This is a fiercely honest about the history of people ripped from their African homelands to work far across the Atlantic Ocean under brutal conditions with no pay. It does not hesitate to speak of the terror and horror of that experience, yet it also relays hope, courage, and resilience.
The way that this extremely difficult thread of history is made bearable for young people is by asking the very question that must now be on your mind: "How do you tell a story that starts in Africa and ends in horror?" As the story continues — of "big guns hiding in the night," waiting to steal people away and sell them in America — listening children's voices intervene. They ask honest questions: "They were scared and they didn't know where they were being taken?" Their teacher expresses raw, candid feelings: "I don't think I can continue. It's just too painful. I shouldn't have read this to you. I'm so sorry, children."
The effect is revelatory. No matter what our racial and cultural background, we come face to face with the human beings affected by being enslaved. We see the importance of "standing up and speaking out." And through children's voices we receive bracing doses of the inspiration that has allowed people to survive centuries of mistreatment:
Whenever I'm sad, my grandma sings me her favorite poem: "We've suffered, been battered, out lives have been scattered, but we're still here. And that's all that matters. We're still here."
New York Times bestselling author Kwame Alexander — who also gave us The Undefeated — wrote this story after it became apparent that his daughter's fourth-grade teacher was afraid of teaching slavery in the classroom, because she had never been taught how to convey this traumatic content. Alexander says in his closing note that this book "can help give us a way to speak the truth to children, so we can all stop being afraid, so we can start moving closer to our better selves."

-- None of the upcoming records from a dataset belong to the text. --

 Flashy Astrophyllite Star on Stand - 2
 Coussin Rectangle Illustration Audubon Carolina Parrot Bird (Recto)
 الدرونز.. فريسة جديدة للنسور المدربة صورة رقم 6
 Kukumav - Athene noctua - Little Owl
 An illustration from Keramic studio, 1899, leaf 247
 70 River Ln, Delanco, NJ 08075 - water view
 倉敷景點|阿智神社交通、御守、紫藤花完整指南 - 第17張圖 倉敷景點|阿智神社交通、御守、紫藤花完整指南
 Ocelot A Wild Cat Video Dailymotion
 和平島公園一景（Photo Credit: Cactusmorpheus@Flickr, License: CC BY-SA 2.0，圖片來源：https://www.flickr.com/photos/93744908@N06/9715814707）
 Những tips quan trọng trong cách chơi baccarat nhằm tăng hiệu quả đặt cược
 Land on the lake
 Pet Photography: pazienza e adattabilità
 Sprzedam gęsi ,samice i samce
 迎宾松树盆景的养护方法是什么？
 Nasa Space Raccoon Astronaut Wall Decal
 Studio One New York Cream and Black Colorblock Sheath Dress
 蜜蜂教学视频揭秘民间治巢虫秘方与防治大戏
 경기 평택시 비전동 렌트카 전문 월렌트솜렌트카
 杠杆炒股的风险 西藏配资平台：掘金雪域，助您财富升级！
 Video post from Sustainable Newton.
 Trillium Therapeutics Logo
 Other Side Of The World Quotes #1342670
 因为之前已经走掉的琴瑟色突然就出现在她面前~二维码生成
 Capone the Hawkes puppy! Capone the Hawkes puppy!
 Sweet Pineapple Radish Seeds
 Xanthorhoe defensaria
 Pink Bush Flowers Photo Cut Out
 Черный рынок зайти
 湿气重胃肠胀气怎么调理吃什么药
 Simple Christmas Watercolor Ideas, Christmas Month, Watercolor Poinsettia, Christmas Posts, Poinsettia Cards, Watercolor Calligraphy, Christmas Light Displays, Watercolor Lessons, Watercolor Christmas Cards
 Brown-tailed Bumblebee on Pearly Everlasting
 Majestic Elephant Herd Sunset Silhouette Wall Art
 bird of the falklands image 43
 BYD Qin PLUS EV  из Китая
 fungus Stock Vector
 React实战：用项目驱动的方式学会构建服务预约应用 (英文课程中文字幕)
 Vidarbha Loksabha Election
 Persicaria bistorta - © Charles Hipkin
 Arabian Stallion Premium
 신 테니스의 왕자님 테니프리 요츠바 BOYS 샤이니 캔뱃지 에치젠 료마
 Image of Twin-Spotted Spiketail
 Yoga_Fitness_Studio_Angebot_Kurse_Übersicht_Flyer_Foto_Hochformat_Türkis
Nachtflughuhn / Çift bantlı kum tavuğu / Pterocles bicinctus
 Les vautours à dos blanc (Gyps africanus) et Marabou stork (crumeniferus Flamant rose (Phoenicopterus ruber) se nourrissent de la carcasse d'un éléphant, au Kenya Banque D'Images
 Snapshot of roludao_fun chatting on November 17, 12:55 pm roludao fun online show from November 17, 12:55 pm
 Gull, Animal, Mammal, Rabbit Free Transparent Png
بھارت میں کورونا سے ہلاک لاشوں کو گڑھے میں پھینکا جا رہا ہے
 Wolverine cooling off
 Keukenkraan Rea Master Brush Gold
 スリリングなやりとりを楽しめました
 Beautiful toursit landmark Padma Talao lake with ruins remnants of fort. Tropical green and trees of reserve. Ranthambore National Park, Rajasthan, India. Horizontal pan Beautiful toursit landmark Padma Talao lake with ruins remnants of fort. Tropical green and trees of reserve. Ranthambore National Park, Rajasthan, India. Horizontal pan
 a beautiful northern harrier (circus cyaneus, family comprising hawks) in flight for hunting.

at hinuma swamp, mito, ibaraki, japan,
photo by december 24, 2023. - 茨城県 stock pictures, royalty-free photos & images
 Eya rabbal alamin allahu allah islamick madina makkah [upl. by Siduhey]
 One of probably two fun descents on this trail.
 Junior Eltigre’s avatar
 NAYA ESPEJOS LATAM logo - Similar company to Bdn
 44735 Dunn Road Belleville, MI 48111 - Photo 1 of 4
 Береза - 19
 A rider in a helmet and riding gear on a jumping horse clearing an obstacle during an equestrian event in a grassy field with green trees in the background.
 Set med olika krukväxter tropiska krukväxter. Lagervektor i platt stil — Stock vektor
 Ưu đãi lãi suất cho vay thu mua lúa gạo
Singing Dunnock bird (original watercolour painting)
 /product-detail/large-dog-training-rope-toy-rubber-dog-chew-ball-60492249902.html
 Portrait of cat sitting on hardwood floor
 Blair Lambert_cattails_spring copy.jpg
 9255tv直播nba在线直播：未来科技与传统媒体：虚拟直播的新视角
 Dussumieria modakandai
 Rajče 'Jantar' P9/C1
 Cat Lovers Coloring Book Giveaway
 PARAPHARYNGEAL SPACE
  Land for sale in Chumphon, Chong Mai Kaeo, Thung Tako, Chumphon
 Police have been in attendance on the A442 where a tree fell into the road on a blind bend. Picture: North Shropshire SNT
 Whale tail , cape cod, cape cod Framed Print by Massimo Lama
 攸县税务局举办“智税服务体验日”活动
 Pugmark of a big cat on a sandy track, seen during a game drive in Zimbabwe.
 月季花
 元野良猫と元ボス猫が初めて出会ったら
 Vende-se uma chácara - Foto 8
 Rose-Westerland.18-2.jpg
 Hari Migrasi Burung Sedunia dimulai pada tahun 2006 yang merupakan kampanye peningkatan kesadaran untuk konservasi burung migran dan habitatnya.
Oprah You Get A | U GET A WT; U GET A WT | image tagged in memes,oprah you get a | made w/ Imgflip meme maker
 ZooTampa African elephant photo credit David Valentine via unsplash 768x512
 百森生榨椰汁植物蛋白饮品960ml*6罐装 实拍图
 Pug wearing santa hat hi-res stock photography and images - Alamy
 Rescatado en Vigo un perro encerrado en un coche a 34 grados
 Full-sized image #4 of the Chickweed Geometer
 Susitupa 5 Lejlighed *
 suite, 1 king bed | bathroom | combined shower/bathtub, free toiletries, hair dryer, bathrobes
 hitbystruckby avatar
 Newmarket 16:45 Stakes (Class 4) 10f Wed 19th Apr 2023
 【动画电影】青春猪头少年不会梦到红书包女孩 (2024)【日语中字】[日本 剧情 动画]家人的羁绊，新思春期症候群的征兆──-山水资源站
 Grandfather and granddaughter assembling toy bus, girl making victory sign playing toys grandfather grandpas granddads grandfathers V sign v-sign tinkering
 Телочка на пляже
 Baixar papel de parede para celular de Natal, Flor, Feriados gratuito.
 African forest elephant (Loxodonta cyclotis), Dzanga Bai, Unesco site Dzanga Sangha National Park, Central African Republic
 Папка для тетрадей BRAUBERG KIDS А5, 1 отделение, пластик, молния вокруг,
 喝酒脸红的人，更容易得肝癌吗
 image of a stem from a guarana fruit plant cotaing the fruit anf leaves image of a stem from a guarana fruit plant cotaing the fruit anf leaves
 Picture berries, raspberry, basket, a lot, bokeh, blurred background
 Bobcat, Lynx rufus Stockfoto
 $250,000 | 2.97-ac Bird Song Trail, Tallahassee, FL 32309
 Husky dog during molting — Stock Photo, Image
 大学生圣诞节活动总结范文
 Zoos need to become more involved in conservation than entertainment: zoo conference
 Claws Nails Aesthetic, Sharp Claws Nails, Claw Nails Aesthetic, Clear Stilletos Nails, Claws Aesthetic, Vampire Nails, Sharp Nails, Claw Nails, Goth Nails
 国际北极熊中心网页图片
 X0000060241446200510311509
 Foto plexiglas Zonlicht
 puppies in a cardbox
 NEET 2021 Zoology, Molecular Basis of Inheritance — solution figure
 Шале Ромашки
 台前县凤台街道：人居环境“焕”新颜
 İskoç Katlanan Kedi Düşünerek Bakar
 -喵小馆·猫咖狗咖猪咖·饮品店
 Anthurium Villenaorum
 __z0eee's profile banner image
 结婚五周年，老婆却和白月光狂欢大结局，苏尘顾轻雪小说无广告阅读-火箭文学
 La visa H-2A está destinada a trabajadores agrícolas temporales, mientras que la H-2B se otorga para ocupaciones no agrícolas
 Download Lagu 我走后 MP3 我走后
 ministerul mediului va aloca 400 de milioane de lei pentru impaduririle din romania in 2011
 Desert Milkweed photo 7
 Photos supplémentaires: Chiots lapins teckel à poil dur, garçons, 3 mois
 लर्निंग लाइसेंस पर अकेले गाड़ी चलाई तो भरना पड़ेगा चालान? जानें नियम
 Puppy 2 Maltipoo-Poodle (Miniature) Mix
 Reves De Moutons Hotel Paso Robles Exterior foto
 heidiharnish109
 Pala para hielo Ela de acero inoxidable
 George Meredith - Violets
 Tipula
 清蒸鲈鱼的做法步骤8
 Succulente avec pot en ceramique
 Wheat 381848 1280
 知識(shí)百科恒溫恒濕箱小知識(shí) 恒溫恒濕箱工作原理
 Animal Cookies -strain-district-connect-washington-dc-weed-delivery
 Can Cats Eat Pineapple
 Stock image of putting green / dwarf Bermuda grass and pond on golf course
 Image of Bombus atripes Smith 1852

Award-winning artist, muralist, and sculptor Dare Coulter spent weeks researching his illustrations, taking into account both the sadness and the inspiration of this story. He crafted clay sculptures, painted wood panels with acrylic and spray paint, and drew with charcoal on gessoed paper. The varied styles not only bring the story to life but also help us seamlessly transition from present-day children with their questions to the history being relayed.
If you're looking for a way to introduce slavery and the resilience of African Americans to readers ages four to eight, this would be an extraordinary opening. If you want to say "no" to the banning of books that teach history with honesty, compassion, and power, then reading and sharing this book would be a loving, hopeful way to start.